Acordamos no sábado sem o barulho insistente do despertador – coisa rara de acontecer para ciclistas madrugadores.
Uma rápida passagem na casa do filho, para matar as saudades do neto, e ganhamos a estrada.
O destino tem vários caminhos, mas escolhemos a BR-206, porque tem gosto de infância, ainda mais no fim do mês de Santana.
Parece que o carro segue quase sem condutor, traçando o caminho tantas vezes percorrido em direção ao Seridó.
No meio do caminho tinha uma casa singela, dessas que passam despercebidas, se não fosse a beleza esplendorosa do seu ipê rosa.
Manobrei o carro de repente, dei meia-volta e parei para lhe contemplar.
Me dirigi à dona da casa, sentada solitária numa cadeira de balanço, no sombreado do alpendre, quase invisível.
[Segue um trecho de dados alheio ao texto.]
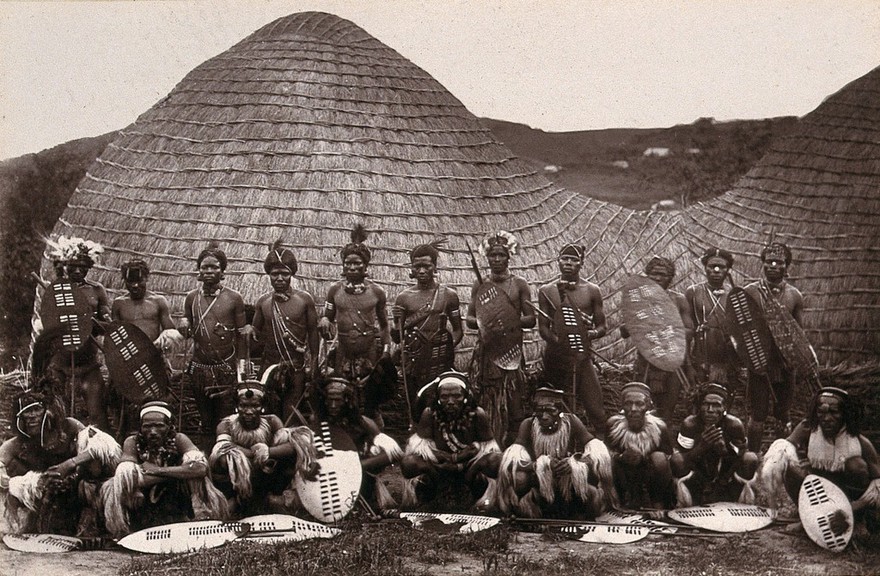 Zululand, South Africa: a group of Zulu men in war dress. Woodburytype, 1888, after a photograph by Robert Harris.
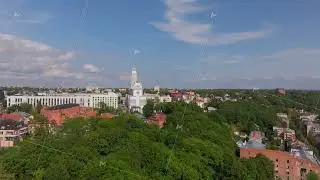 Aerial view of Kaunas city center on a sunny summer day, showing the architecture, greenery and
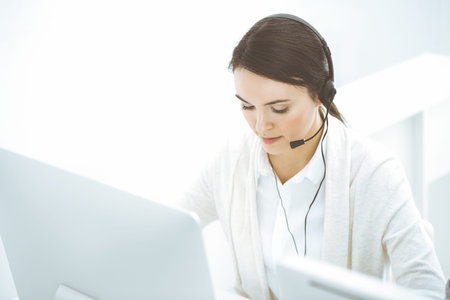 Call center. Casual dressed woman sitting and working in headset at customer service office....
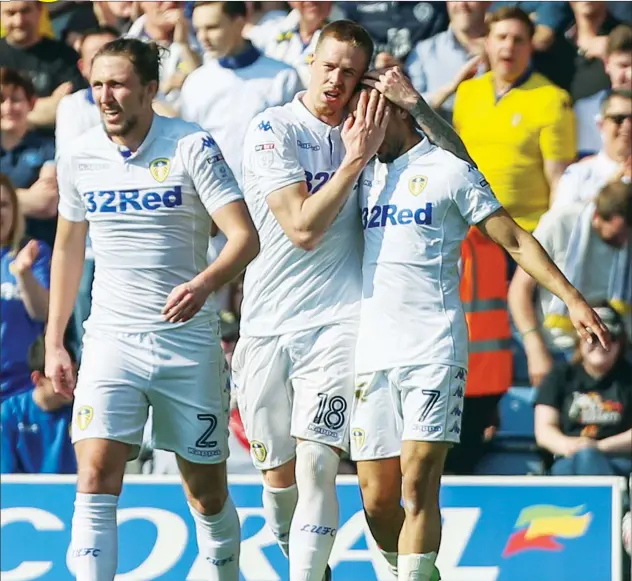  ?? PICTURES: Camera Sports ?? ROOFE JUSTICE: Leeds midfielder Kemar Roofe, right, gets a hug from Pontus Jansson after scoring the opening goal
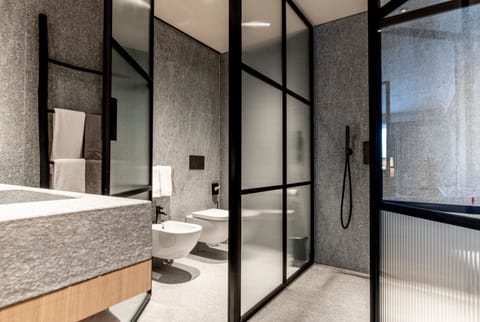 Suite | Bathroom | Rainfall showerhead, eco-friendly toiletries, hair dryer, bathrobes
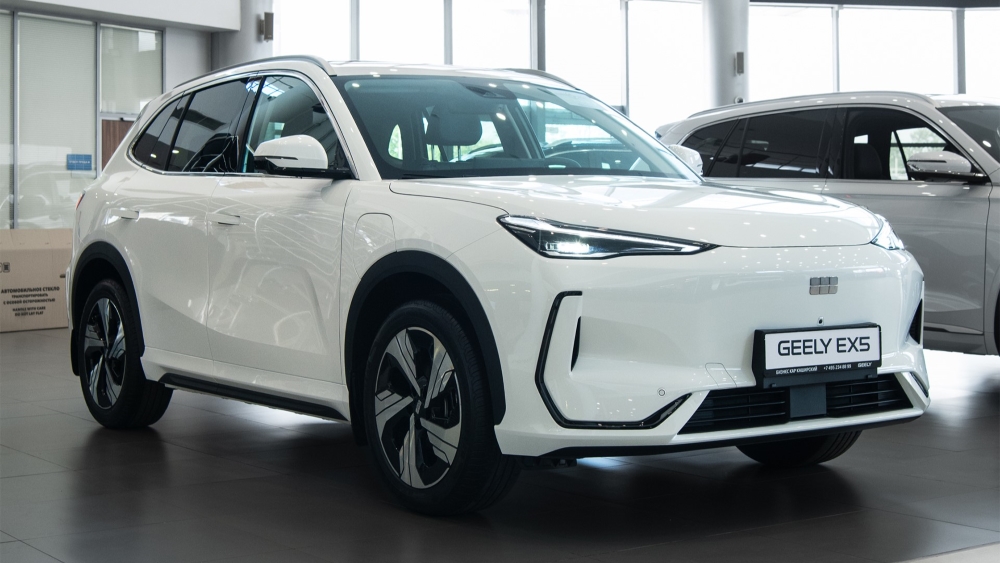 Geely EX5 у дилера бизнес кар сбоку спереди в шоуруме
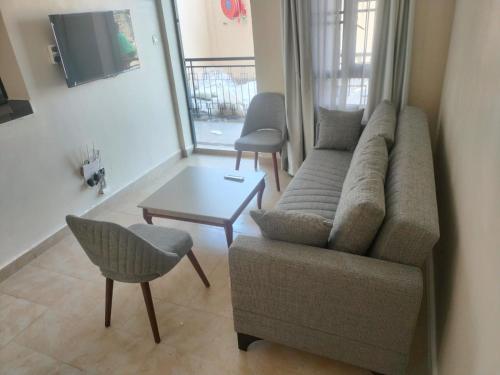 MbitaにあるLakeview Apartments - Cozy Greyのソファとテーブルのあるリビングルーム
Contava as horas, enquanto observava o movimento de quem vai e vem pela estrada de rodagem.
Dei bom dia e perguntei (Benza a Deus) se podia fotografar sua bela árvore. Sem estampar sorriso no rosto, disse que sim.
Sem nem me abancar, puxei conversa, porque é assim que procede a contadora de histórias.
Em poucas palavras, uma linda história de amor.
D. Iolanda foi casada com S. Antonio. Foram cinquenta e seis anos de convivência. Ele partiu antes dela, mas deixou o ipê, plantado por suas mãos, zelando o seu amor.
Nesse ano de boas chuvas, o ipê Antonio resolveu se “amostrar”. Está carregado de flores, floriu bem antes da hora. Sua florada está perdurando, já vão mais de quinze dias.
Se essa árvore é símbolo nacional, aqui é símbolo do amor de Iolanda e Antonio; ou, quem sabe, o próprio Antonio.
Antes de partir para fotografá-lo, não pude deixar de matar minha curiosidade: ele foi um bom marido? Só assim vi o sorriso escancarado no rosto de D. Iolanda, traduzido nas flores esparramadas pelo chão.
Fica aqui o meu registro de agradecimento ao casal por nos ofertar tamanha beleza e transformar um fim de semana comum em um deslumbramento para o olhar.
Ipê Antonio, que nos anos vindouros venham muitas outras estações de flores!
Com afeto,
Maria Elza Bezerra Cirne, contadora de histórias.
P.S. Através das cartas, nos comunicávamos quando o ipê foi plantado. Seguem anexadas as fotografias, porque é assim que nos comunicamos no dia de hoje.